GA 5. Фридрих Ницше. Борец против своего времени (Штайнер) - страница 57

Психологический процесс, вследствие которого у Ницше сформировались его воззрения, не соответствует тому, через который проходит человек, пускающийся на поиски истины. Это можно наблюдать уже на том, каким образом он пришел к основным идеям своего «Рождения трагедии из духа музыки». Ницше исходит из того, что в основе древнегреческого искусства лежали два импульса: аполлонический и дионисийский. Благодаря аполлоническому импульсу человек создает прекрасное изображение мира, произведение спокойного созерцания. Благодаря дионисийскому импульсу человек погружается в состояние опьянения; он наблюдает не один только мир; он пронизывает себя энергиями бытия, и их‑то и выражает в своем искусстве. Эпос, скульптура — это порождения аполлонического искусства. Лирические и музыкальные произведения возникают из дионисийского импульса. Дионисийски настроенный человек пронизывается мировым духом и в собственных речениях выявляет его суть. Он сам делается произведением искусства. «В песне и танце человек самовыражается в качестве члена высшей общности: он разучился ходить и говорить и вот–вот, танцуя, воспарит ввысь. Из его жестикуляции вещает колдовство» («Рождение трагедии», § 1). В этом дионисийском состоянии человек забывает самого себя, он уже не ощущает себя индивидуумом, но органом всеобщей мировой воли.

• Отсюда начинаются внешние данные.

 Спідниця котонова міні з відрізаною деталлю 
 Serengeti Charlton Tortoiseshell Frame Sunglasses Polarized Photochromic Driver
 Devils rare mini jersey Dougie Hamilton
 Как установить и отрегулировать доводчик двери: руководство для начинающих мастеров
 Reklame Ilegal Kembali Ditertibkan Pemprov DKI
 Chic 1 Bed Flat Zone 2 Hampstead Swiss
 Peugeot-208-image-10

В праздничных играх, устраивавшихся в честь бога Диониса, Ницше усматривает дионисийские речения человеческого духа. И вот ему представляется, что драматическое искусство у греков возникло именно из таких игр. Произошел высший синтез дионисийского с аполлоническим. В древнейшей драме было создано аполлоническое изображение дионисийски возбужденного человека.

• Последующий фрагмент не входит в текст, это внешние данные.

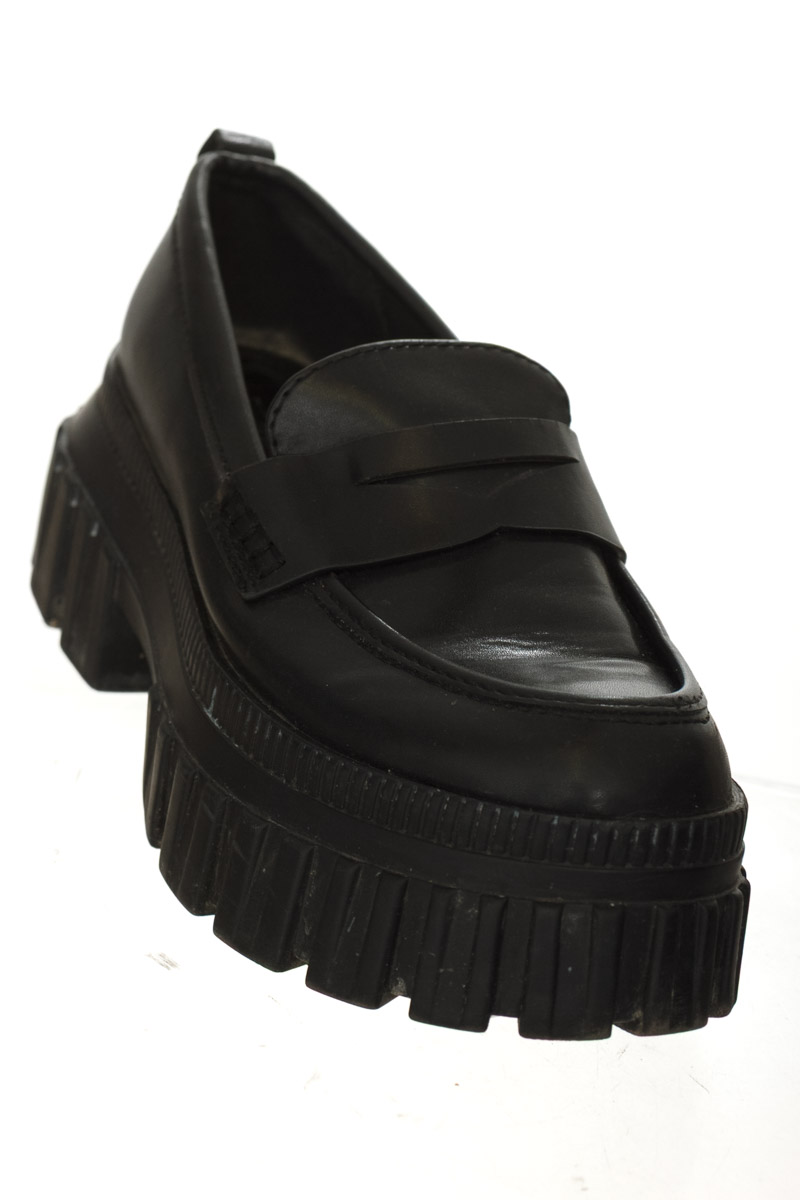 Zapatos color Negro - Stradivarius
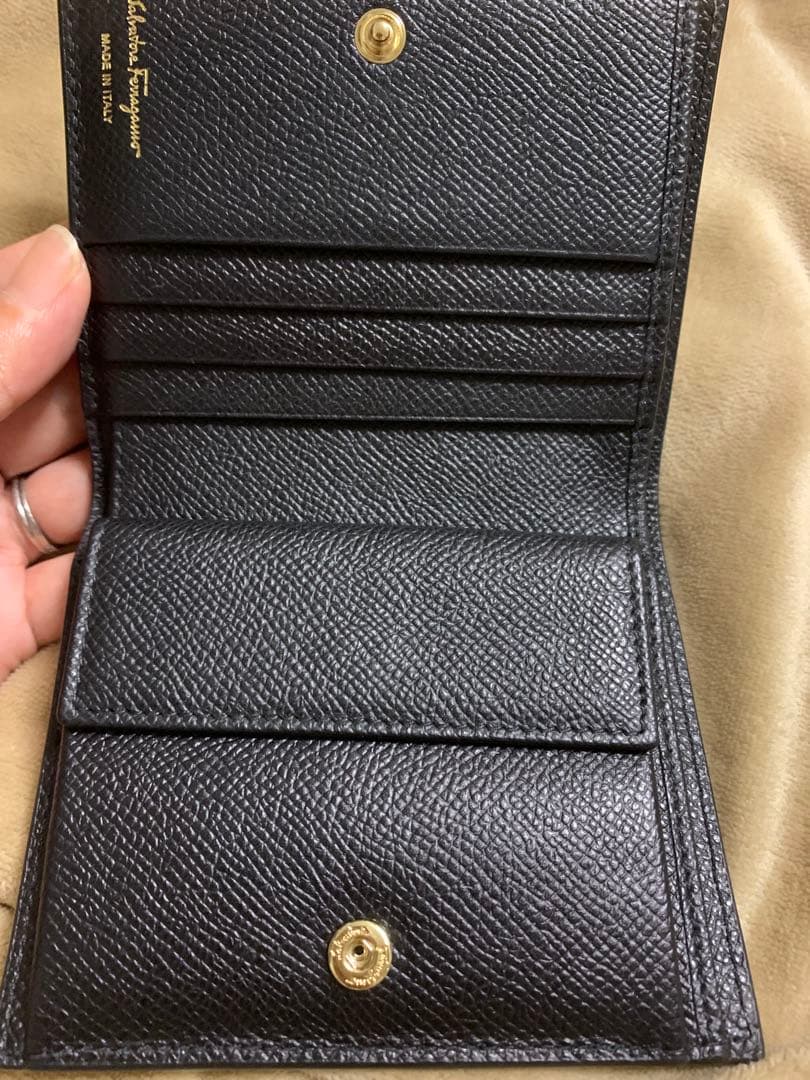 FERRAGAMO 二つ折り財布　美品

К таким воззрениям Ницше был подведен Шопенгауэровой философией. Он просто перенес «Мир как волю и представление» в сферу художественного. Мир представления — это не настоящий мир; это лишь субъективное изображение, создаваемое относительно вещей нашей душой. По мысли Шопенгауэра, через созерцание человек вообще не приходит к подлинной сущности мира. Она обнаруживается в его воле. Искусство представления — это аполлоническое искусство; искусство же воли — дионисийское. Ницше достаточно было сделать лишь маленький шажок от Шопенгауэра, и он пришел к позиции, характерной для «Рождения трагедии». Уже сам Шопенгауэр отвел музыке особое место среди искусств. Все прочие искусства он именует простыми отражателями воли; музыку же называет непосредственным проявлением самой пра–воли.

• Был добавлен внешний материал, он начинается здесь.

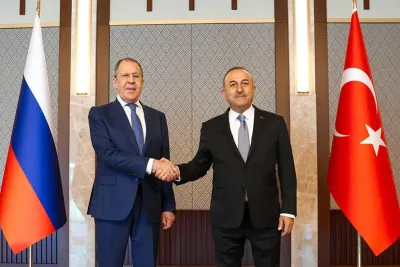 وزير الخارجية التركي يعلن عن إمكانية فتح ممر آمن لنقل الحبوب من الموانئ الأوكرانية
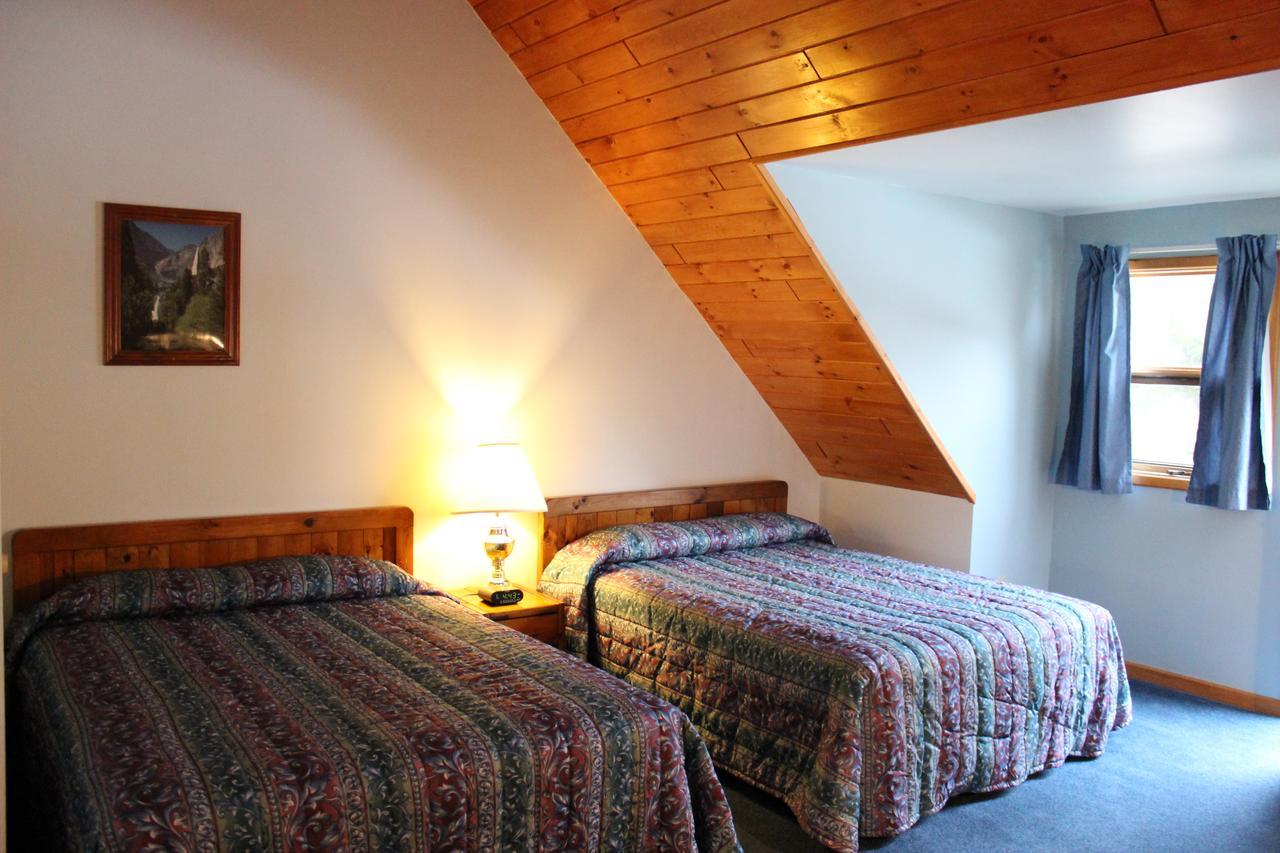 Nootka Lodge Woodsville Buitenkant foto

При этом Шопенгауэр никогда не оказывал на Ницше такого воздействия, чтобы можно было сказать: вот его приверженец. Вот какую картину впечатления, произведенного на него учением пессимистического философа, дает Ницше в работе «Шопенгауэр как воспитатель»: «Шопенгауэр говорит сам с собой; или же, если нам уж так желательно примыслить сюда слушателя, можно представить сына, наставляемого отцом. Это безыскусный, грубоватый, но и добродушный тон человека, обращающегося к слушателю, который внимает ему с любовью. Таких писателей нам недостает. При первых же звуках его голоса нас охватывает мощное чувство довольства, испытываемого говорящим; это похоже на то, как если бы мы вошли под сень высоких деревьев, где мы глубоко дышим и мгновенно чувствуем улучшение самочувствия. Здесь и мы это ощущаем — всегда дышится полной грудью, а воздух неизменно целит и укрепляет; здесь присутствует некая неподражаемая непринужденность и естественность, свойственная людям, ощущающим себя хозяевами в собственном доме, причем в доме весьма богатом». Это эстетическое впечатление имеет решающее значение для позиции Ницше в отношении Шопенгауэра. Само учение не играло при этом никакой роли. Среди заметок, сделанных Ницше в то же самое время, когда он писал панегирическое сочинение «Шопенгауэр как воспитатель», мы наталкиваемся на следующую: «Я далек от того, чтобы полагать, что правильно понял Шопенгауэра; благодаря ему я лишь научился чуть лучше понимать самого себя; вот за что я обязан ему чувством величайшей благодарности. Но и вообще мне представляется не столь важным то, из чего принято исходить теперь: что у какого‑либо философа с точностью устанавливается и перед всем светом обнародуется то, что он — в строжайшем и буквальнейшем значении слов — проповедовал, а что нет: во всяком случае, такая констатация не предназначена для людей, которые отыскивают философию для своей жизни, а не новую ученость для собственной памяти; и напоследок мне представляется невероятным, чтобы нечто подобное действительно могло бы быть установлено».